Mmembers are expected to stand and cheer throughout games, attend at least 75 percent of home dates, and buy into a structure that includes membership fees, special gear access and arena discounts.

What makes the idea stand out is not just the logistics, but the philosophy behind it. The Jackals were introduced ahead of the 2025-26 season with a clear European supporter-group influence, something that fits naturally with Wembanyama’s background and taste for louder, more coordinated in-arena culture. The section is a place for drums, chants and sustained game-long noise, with the Spurs carving out a designated area for the group inside Frost Bank Center.

That is why the project feels smarter than a gimmick. NBA crowds can flatten out over the course of an 82-game season, especially during the quieter stretches that exist in every regular-season contest.

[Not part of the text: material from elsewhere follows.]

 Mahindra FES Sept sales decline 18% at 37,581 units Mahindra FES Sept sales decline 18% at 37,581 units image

A dedicated section designed specifically to keep the volume up through those lulls is not just good optics; it is functional atmosphere-building. In San Antonio, the Jackals have already started to become part of the visual and emotional identity of Spurs games, not background decoration but something closer to a feature of the night itself. 

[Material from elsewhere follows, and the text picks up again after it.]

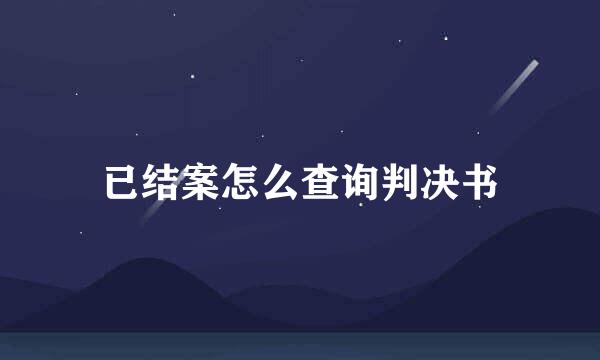 已结案怎么查询判决书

There is also something refreshingly honest about the barrier to entry. The Spurs are not pretending this is a casual fan club. Membership reportedly costs $999 and includes access to tickets and parking for regular-season home games, exclusive items, store discounts and discounted playoff ticket opportunities, while applicants may also go through a conversation with a Spurs representative and agree to team rules. That turns The Jackals into something more serious than a marketing slogan. It asks for buy-in, and in return offers identity.

In that sense, Wembanyama’s idea looks increasingly like a clever bit of culture-building. The Spurs are trying to grow a new era around a generational star, and stars do not just need talent around them. They need atmosphere, ritual and a sense that home games belong to something larger than the schedule. The Jackals may not decide wins and losses on their own, but they can absolutely help shape the feeling of the building.